(PROVIDED RECORDS begins)

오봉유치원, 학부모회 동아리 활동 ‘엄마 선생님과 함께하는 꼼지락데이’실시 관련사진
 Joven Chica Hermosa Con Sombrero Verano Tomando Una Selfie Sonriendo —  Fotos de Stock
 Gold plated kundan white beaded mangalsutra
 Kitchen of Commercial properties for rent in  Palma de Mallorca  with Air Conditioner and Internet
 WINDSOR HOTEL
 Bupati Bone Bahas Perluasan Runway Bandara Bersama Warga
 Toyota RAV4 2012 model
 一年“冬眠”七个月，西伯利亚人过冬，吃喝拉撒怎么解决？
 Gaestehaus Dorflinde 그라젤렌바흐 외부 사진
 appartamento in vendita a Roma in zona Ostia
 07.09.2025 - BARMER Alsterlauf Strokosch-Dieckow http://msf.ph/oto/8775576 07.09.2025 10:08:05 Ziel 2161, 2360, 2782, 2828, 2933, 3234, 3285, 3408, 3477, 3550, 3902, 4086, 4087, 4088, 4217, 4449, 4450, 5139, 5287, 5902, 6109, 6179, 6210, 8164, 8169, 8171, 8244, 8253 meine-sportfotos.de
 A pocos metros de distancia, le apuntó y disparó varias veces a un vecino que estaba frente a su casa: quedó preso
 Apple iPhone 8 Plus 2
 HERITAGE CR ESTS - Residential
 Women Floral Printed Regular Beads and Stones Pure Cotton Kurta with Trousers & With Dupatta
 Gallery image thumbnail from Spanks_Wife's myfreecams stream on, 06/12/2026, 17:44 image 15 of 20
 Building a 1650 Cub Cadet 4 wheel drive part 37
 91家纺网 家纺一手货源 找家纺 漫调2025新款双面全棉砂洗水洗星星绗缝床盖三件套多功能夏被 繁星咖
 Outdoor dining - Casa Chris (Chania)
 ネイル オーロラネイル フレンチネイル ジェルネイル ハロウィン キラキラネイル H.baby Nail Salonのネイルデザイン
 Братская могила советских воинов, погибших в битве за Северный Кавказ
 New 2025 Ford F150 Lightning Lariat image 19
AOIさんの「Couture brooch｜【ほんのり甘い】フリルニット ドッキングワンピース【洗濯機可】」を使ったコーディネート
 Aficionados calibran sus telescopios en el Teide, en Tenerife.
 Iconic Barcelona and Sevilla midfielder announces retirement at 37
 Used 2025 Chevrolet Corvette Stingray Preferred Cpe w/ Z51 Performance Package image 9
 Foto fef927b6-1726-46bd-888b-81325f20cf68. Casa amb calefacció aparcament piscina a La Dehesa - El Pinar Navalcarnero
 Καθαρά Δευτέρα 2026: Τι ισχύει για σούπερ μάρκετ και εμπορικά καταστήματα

(PROVIDED RECORDS ends)

Which lines in the records above contain the string "image"? Copy them.

§ **SOLUTION TO THIS EXERCISE**
 Gallery image thumbnail from Spanks_Wife's myfreecams stream on, 06/12/2026, 17:44 image 15 of 20
 New 2025 Ford F150 Lightning Lariat image 19
 Used 2025 Chevrolet Corvette Stingray Preferred Cpe w/ Z51 Performance Package image 9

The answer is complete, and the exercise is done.